Au XIXe siècle, l’utopie influence aussi l’urbanisme dans un contexte de révolution industrielle et de paupérisation massive des classes populaires. Né à Londres en 1850, Ebenezer Howard n’est ni architecte ni urbaniste de formation, mais sténographe parlementaire influencé par les idées socialistes, les cercles théosophiques et le courant réformateur anglo-saxon. En 1898, il publie un petit livre : To-Morrow : A Peaceful Path to Real Reform (« Demain : une voie pacifique vers une réforme réelle »), réédité en 1902 sous le titre Garden Cities of To-Morrow (« Les cités-jardins de demain »). Il y expose un modèle urbanistique inédit : la garden-city, la ville-jardin. Howard refuse l’opposition binaire entre ville surpeuplée et campagne isolée. Il imagine une forme hybride, fondée sur une planification collective, une limitation de la croissance urbaine, et une gestion communautaire du sol. Chaque ville-jardin doit être : de taille limitée (environ 30 000 habitants) ; entourée d’une ceinture verte (green belt) ; dotée de logements décents, d’équipements publics, de zones agricoles ; et organisée autour d’un centre civique et culturel. Le foncier, dans la vision howardienne, n’appartient pas à des spéculateurs, mais à une fondation communautaire qui en redistribue les revenus au profit des habitants (logements, services, parcs…). Le tout dans un cadre verdoyant et fonctionnel, évitant les excès de l’urbanisation anarchique. Grâce à des soutiens philanthropiques et mutualistes, il participe à la création de Letchworth Garden City (1903), puis de Welwyn Garden City (1920).  

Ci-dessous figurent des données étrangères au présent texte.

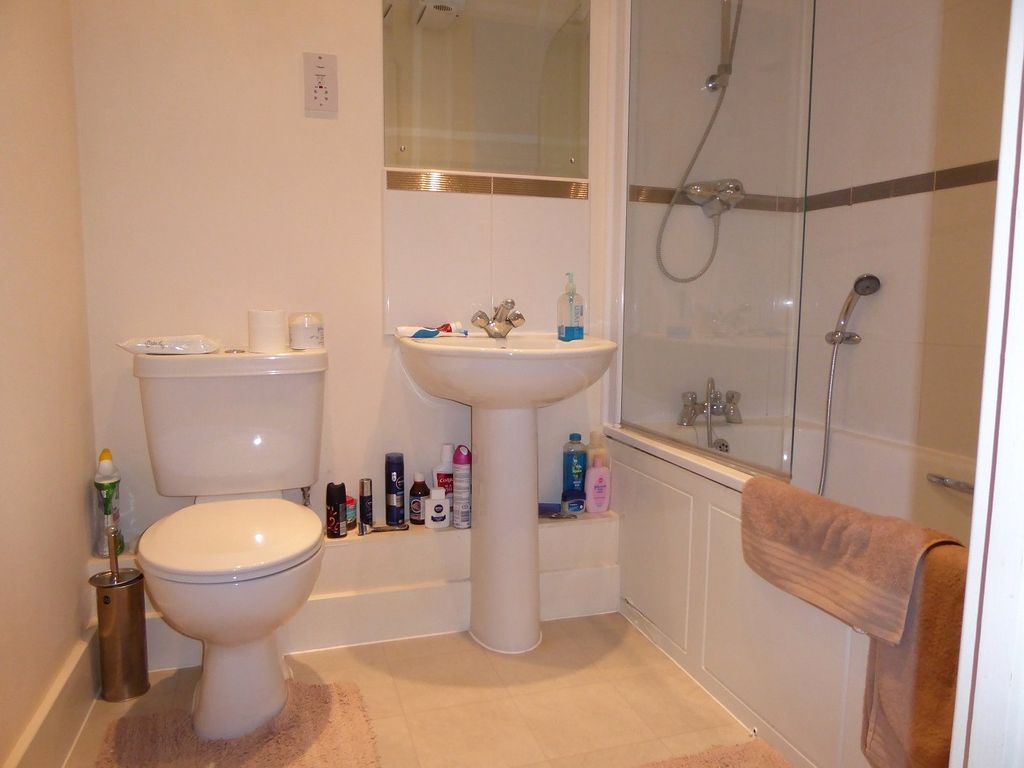 1 bed flat for sale in Coxhill Way, Aylesbury HP21, £169,000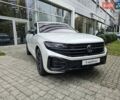 Белый Фольксваген Туарег, объемом двигателя 3 л и пробегом 32 тыс. км за 76890 $, фото 3 на Automoto.ua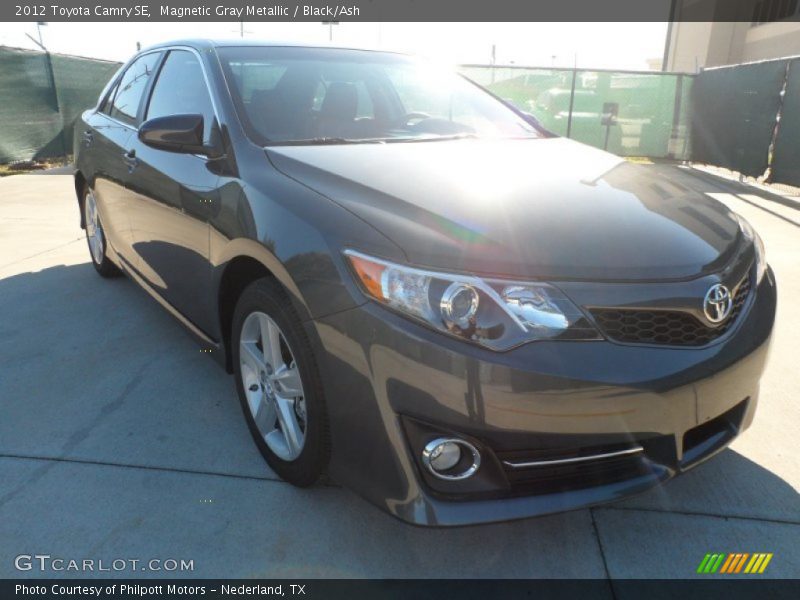 Magnetic Gray Metallic / Black/Ash 2012 Toyota Camry SE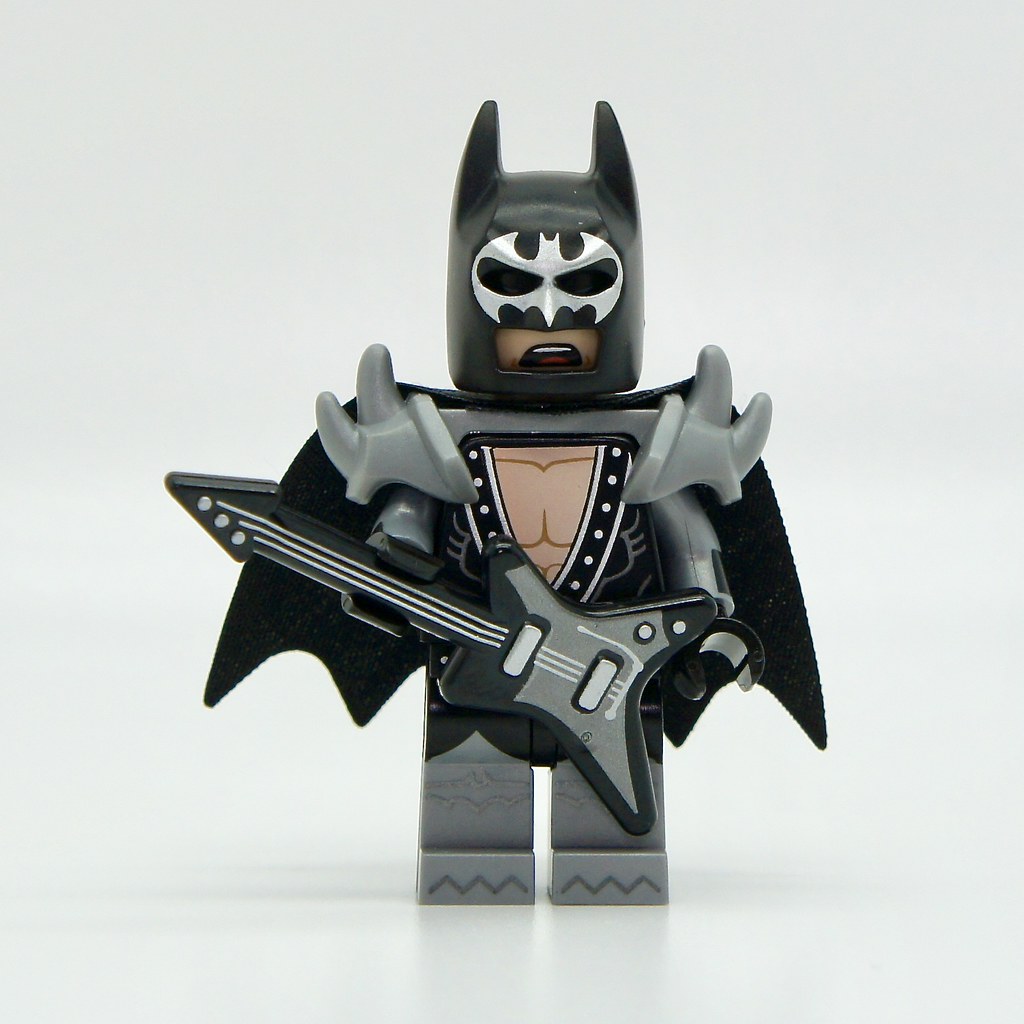 Глэм-метал Бэтмен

La fontaine du Couronnement, 1952, Welwyn Grden City | Brockswood via Getty Images


L’utopie et la nature, une histoire mouvante

L’utopie moderne se définit d’abord comme un projet de transformation du monde, fondé en partie sur la domination de la nature. Dès Thomas More, elle implique un acte de rupture - la création d’une île artificielle - marquant la victoire de la volonté humaine sur le « chaos » originel. Cette logique se prolonge jusqu’au XVIIe siècle, période durant laquelle la nature est façonnée et disciplinée au profit de l’ordre géométrique et rationnel. Avec les Lumières et la révolution scientifique, le jardin à l'anglaise représente une forme de nature sauvage mais maîtrisée, cadre parfait d'une utopie morale. Mais au XXe siècle, face à la montée des totalitarismes et aux innovations industrielles, la place de la nature est sujette à débat, et l'utopie se fracture : aux projections technicistes (qui placent la technologie et le contrôle de l'environnement comme solution privilégiée de création d'une société parfaite) s’opposent des idéaux de retour à une nature inviolée, manière de protéger la société face aux dangers de la modernité.